Fresh off the first of four preseason tune-ups, Eric Mangini took the podium on Tuesday to tie a bow on the Houston Texans game.
The San Francisco 49ers defense coordinator discussed standout players, rookie impressions and a notable rule change.
Catch up on all the news and notes with the top four headline-worthy topics below.
- Pleased for Purcell
Mike Purcell's breakout performance on Saturday put smiles on many faces in the San Francisco locker room. The third-year nose tackle drew praise from the likes of Jim Tomsula, Ian Williams and Quinton Dial for his six-tackle outing versus the Texans.
Mangini was the latest to express his delight for Purcell as a person – not just a player.
"He's such a good guy, and he's such a hard-working guy. He doesn't say very much, but what I've always respected about him is he's a really good listener in terms of the coaching," Mangini said. "He finds good mentors too. He works with the older players and learns as much as he can from them. And then he gets an opportunity, he goes out and makes a really strong case for himself.

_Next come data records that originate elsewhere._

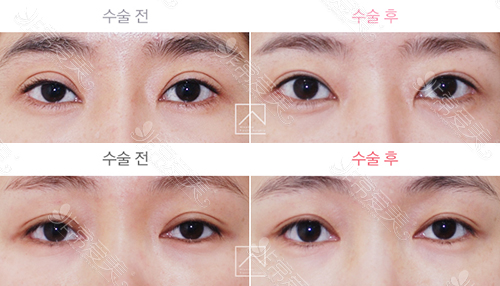 韩国Misoline整形修复双眼皮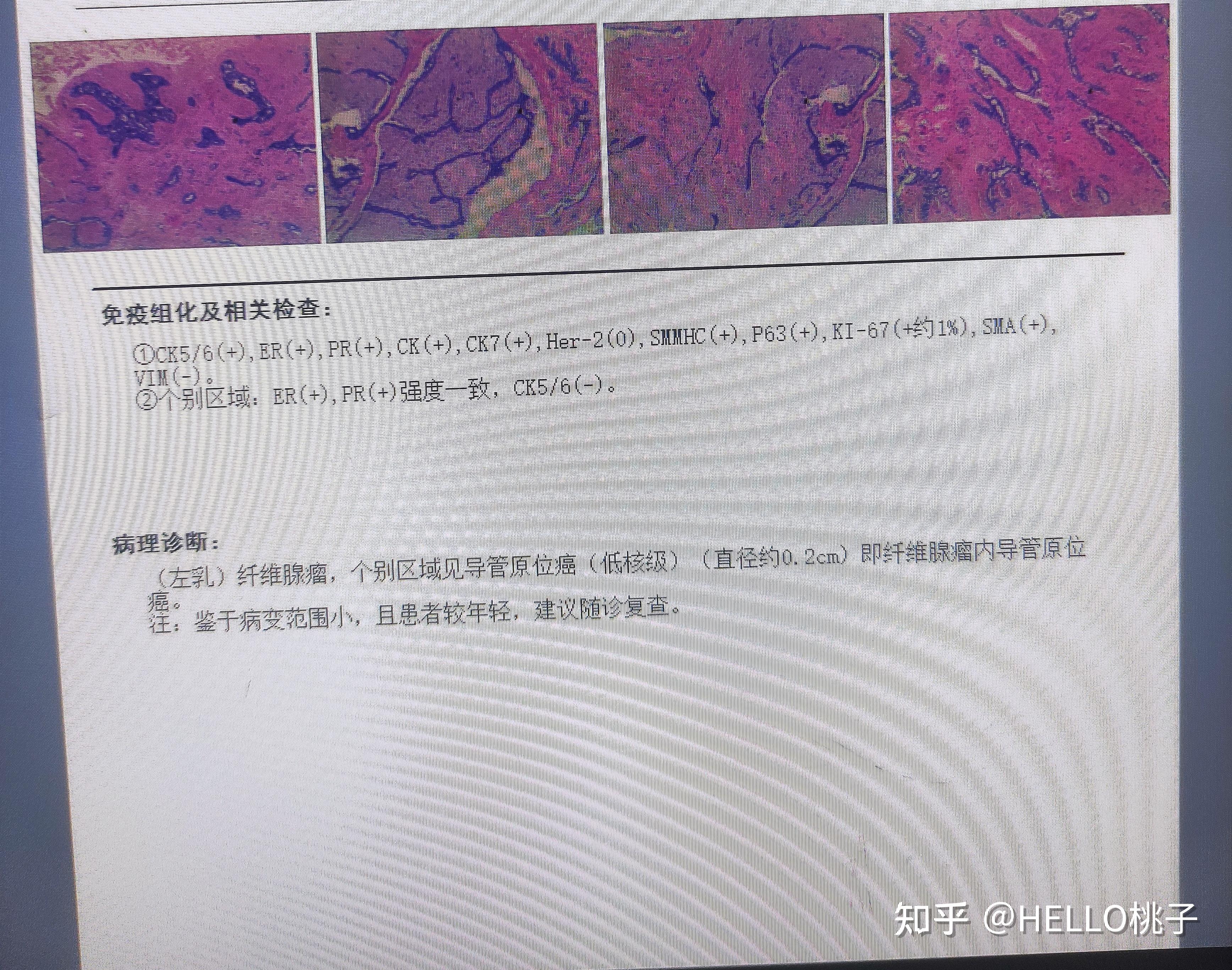 28岁乳腺导管原位癌向阳而生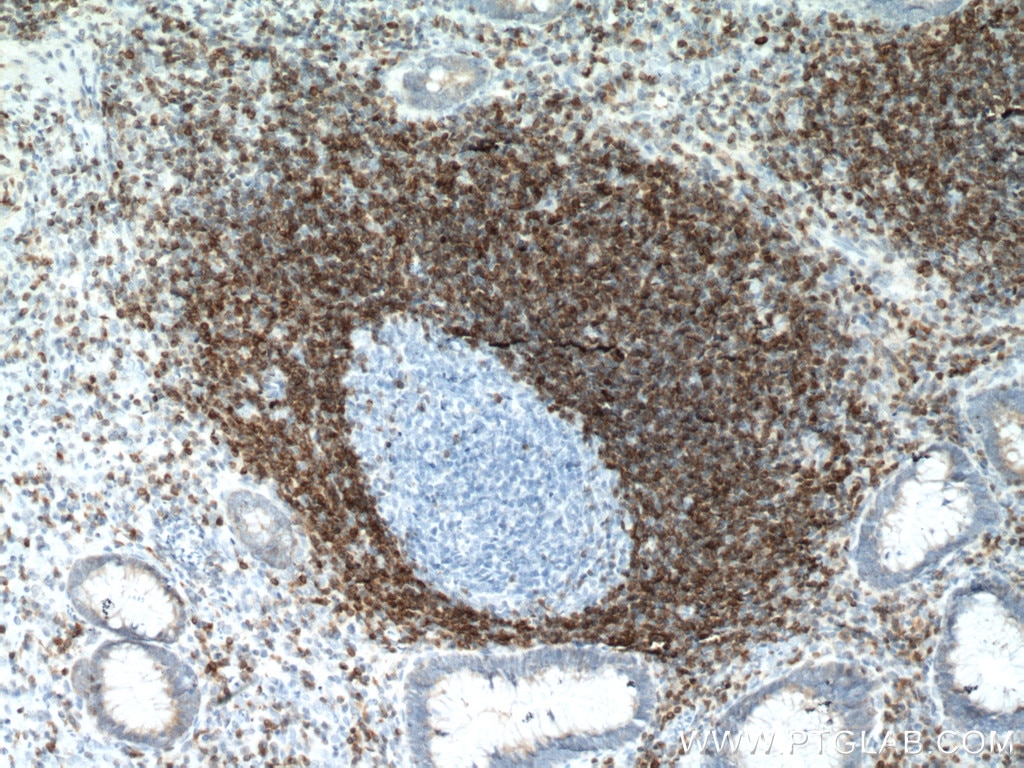 Immunohistochemistry (IHC) staining of human appendicitis tissue using BCL2 Monoclonal antibody (60178-1-Ig)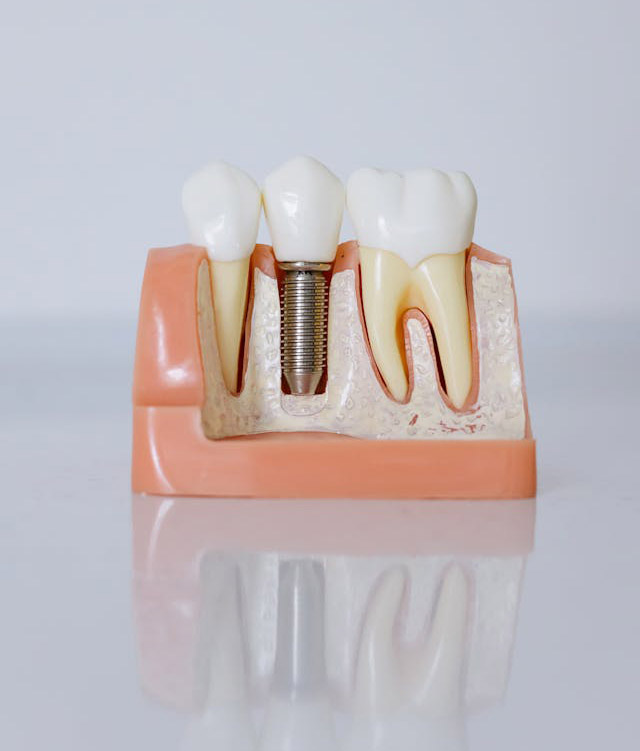 Close-up shot of a dental implant mode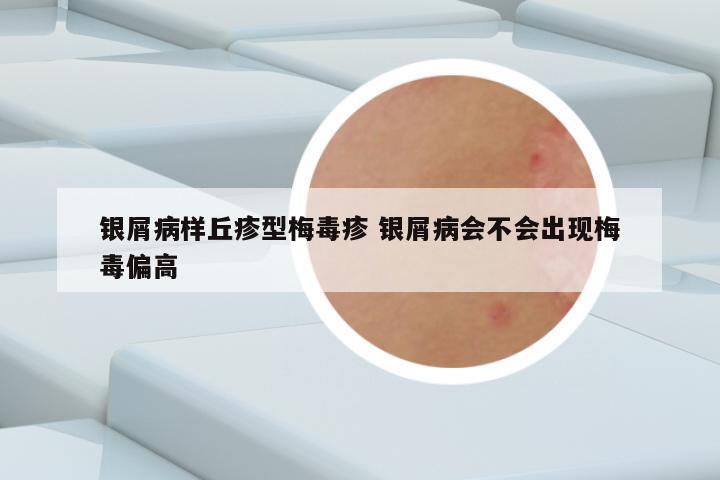 银屑病样丘疹型梅毒疹 银屑病会不会出现梅毒偏高
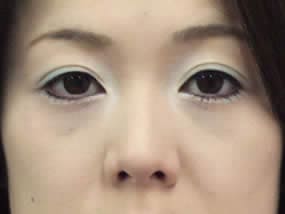 目の下のクマ・タルミ症例手術１ヵ月後（メイクあり）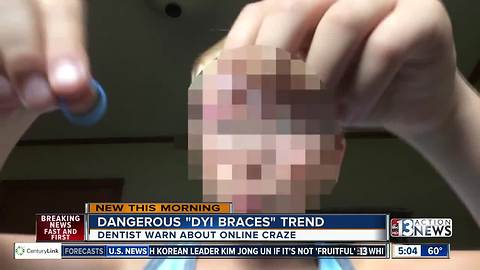 Dentists warn of using hairties and fishing wire to create own braces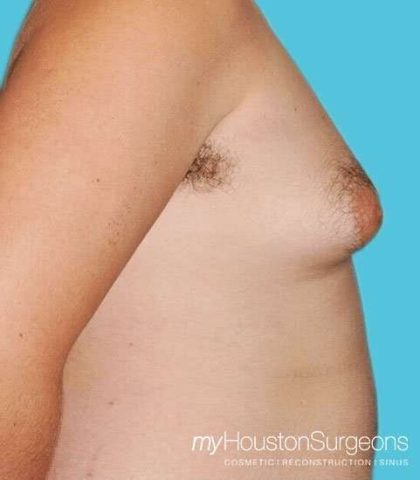 Gynecomastia Before & After Patient #3145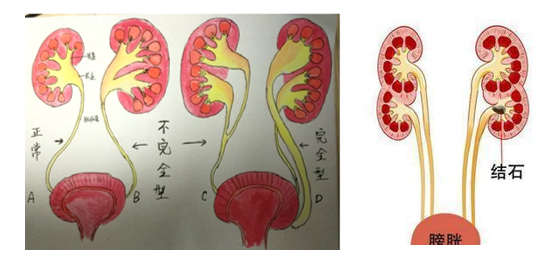 胎儿重复肾图片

"As a coach you love to see guys who work the way that Mike's worked and had some early success here. I'm excited to watch him throughout the rest of the preseason. I thought he did a really nice job."
- Skov Shows Smarts
That Stanford diploma doesn't just look pretty hanging on Shayne Skov's wall. According to Mangini, the second-year linebacker's intellect is quite evident on the football field.
"He's a very, very smart guy who does a great job with adjustments," Mangini said. "Very rarely do you have to coach Shayne twice on the same mistake. He sees it, he understands what the coaching point is and typically it doesn't happen again. And he's getting a lot of playing time, which is great for him and great for us to see where he's going and where he is at this point."
Against the Texans, Skov started in place of NaVorro Bowman and recorded eight tackles in 75 total snaps (66 on defense and nine on special teams). Even though Mangini coached the tight ends a year ago, the defensive coordinator has noticed significant improvement from Skov, who spent his rookie campaign in 2014 on the practice squad.
"I think he looks different – not just last training camp, but even from the spring," Mangini said. "He's had so much more work this year than he did last year and that's helped him significantly. I can't say enough about his recall and his ability to self-correct."
- Top Pick Makes Debut
As is the case with all rookies in their first NFL game experience, Arik Armstead showed promise and room for improvement in Houston.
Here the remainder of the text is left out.